By Yanic Simard, Houzz
When talking about adding color to a home, many people tense up. That’s because what immediately comes to mind when you say “color” is bright, bold, eye-popping hues. If that’s not your thing, then, of course, you’re going to get heart palpitations imagining your home swathed in searing orange and electric green.
But adding color is about so much more than shock. By working with a palette you’re comfortable with, no matter how neutral, muted or beige it is, you can add a variety of colors and still feel at ease. Here are some of my favorite ways to toss some new hues into your home without feeling thrown for a loop. Enter the world of color.
Mixed neutrals. One of the first ways to add a sense of color to a space is simply by mixing a variety of neutrals. In fact, for many this is the first and last step in creating a rich look without any wild hues. Look for places to include gray, beige, white, black and wood tones, letting the contrasts of the subtle undertones bring each color to life.

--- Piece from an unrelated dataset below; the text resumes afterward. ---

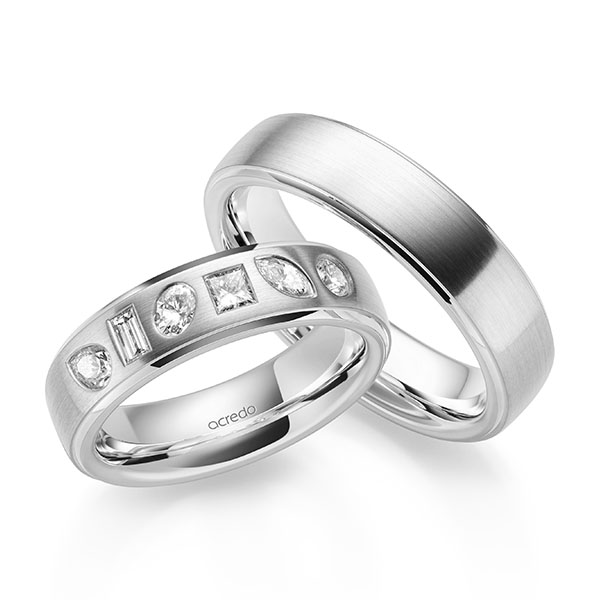 Paar klassische Trauringe/Eheringe in Platin 950 mit zus. 0,64 ct. Baguette-Diamant & Brillant & Prinzess-Diamant tw, vs tw, si von acredo - A-2147-4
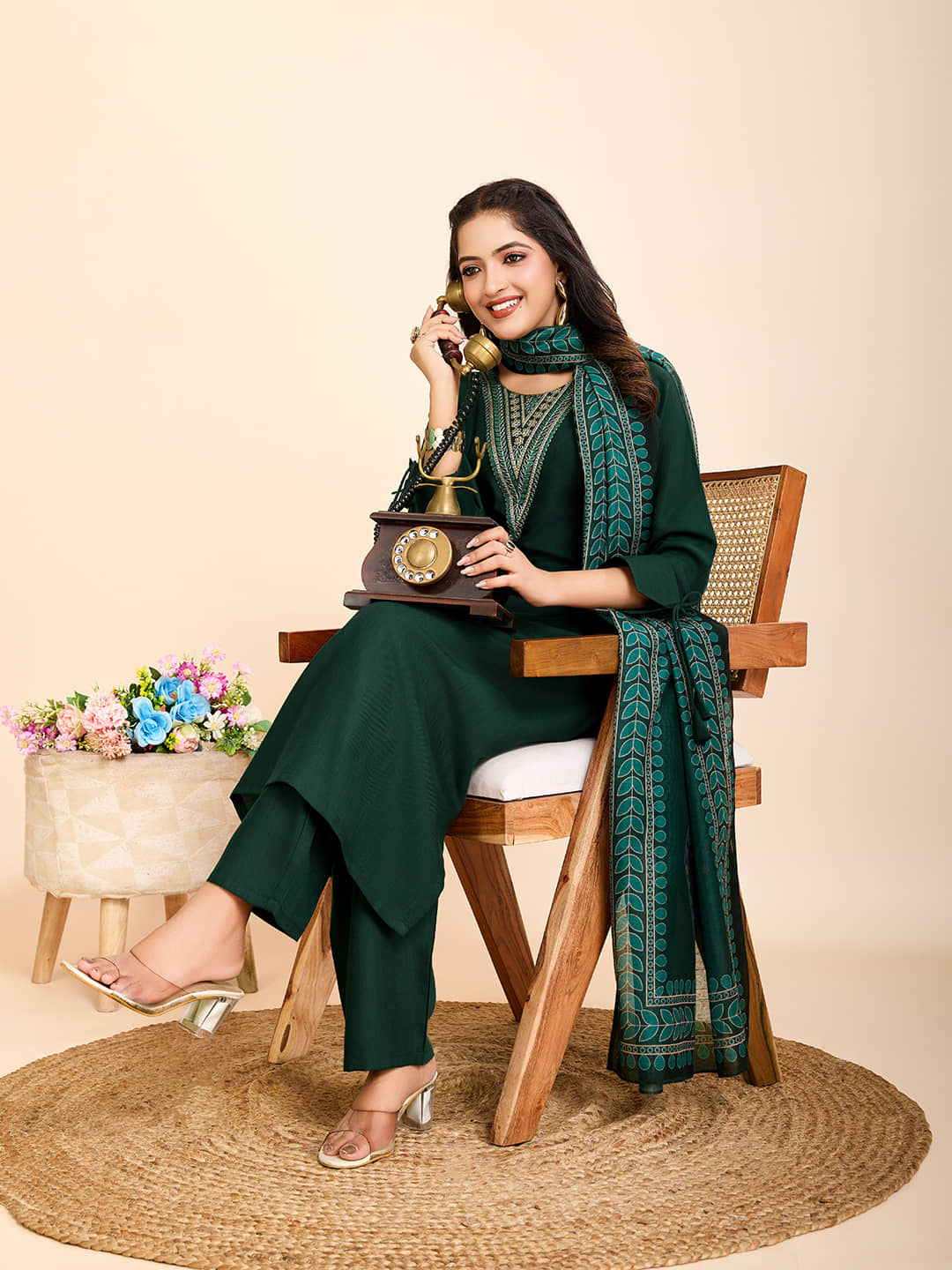 Women Basket Women Cotton Embroidered Straight Kurti With Pants ( Green )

Metallics. Metallics, especially gold and other warm options (like brass and bronze), are important in expanding any color scheme without its feeling overloaded. The undertones and lustrous finishes will add depth to your palette without reading as color.
Navy. Blue, as far as true hues go, is possibly the most neutral, as it is the color we see in the sky every day and thus almost expect to see in our indoor spaces. Noble navy is especially neutral and will never go out of fashion, making it a perfect starting place to expand a color palette.
Tip: An inky navy paint treatment on a door or built-in unit adds color that feels seamlessly integrated into the architecture.
The timelessness of navy also makes it an excellent choice for colored upholstery, as it will coordinate with new schemes down the road, making accessories pop without demanding attention.
Pale green. Muted greens are another trendy (yet classic) near-neutral. Green is such a strong color in nature that we’re accustomed to seeing it paired with virtually every other hue, making it an excellent way to add life without creating strong contrast. Look to Benjamin Moore’s Color of the Year, Guilford Green, as a great example.
Mint. For an even fresher and more modern near-neutral, try a pale mint shade (between blue and green) that reads almost as gray. It makes wood tones sing and helps white trim look especially crisp.
Choose a family. If you want to add a few more hues but don’t want the palette to feel overwhelming, keep in mind that colors in a single saturation family will appear more harmonious. In other words, choosing all pastels or all jewel tones — colors that all have the same degree of richness — will keep the palette looking logical and not overstimulating.
Flowers. In spaces without many soft furnishings, flowers are an excellent way to add an ever-changing burst of color. Notice how the only truly colorful items here are the bright blossoms and a lone tea towel, and yet the space still feels like it carries a pink and purple color scheme.
Tip: Keeping your kitchen in blooms doesn’t have to be expensive. A cluster of carnations in a simple glass vase can keep your counter rosy for a few dollars a week.
Glass. Tinted glass is the best of both worlds: It has the potential to bring in vivid, striking color but automatically blends into any space. Because it is transparent, its color naturally blends into the background, so you can use a few pieces sprinkled throughout a space for a hint of ethereal beauty or cluster many together, so they blend into a veritable rainbow.
Pillows. Pillows (and the occasional throw blanket) are one of my favorite noncommittal ways to add a variety of colors to a space for a few reasons: They’re easy to mix and match, they add small hits of color, and they’re easy to rearrange or replace at any time. Tired or overwhelmed by your look? Simply move a pillow to another room or change out the cover until your whims are satisfied.
Pattern. Speaking of fabrics, bringing in some playful patterns is another way to add a sense of drama even where very little color is actually present. Look to bold geometrics (like a chunky chevron or stripe), animal prints and bold wood grains to add visual variety without clashing.
Combining patterned pieces with those in a combination of neutral tones (and some metallics) can create a colorful-feeling space with very little color at all.
Notice how in this space, besides the leafy greens, the only other bright hues are found in small doses in the pillow fabrics, and yet the overall effect is that of a rich and varied palette — totally livable but thoroughly colorful.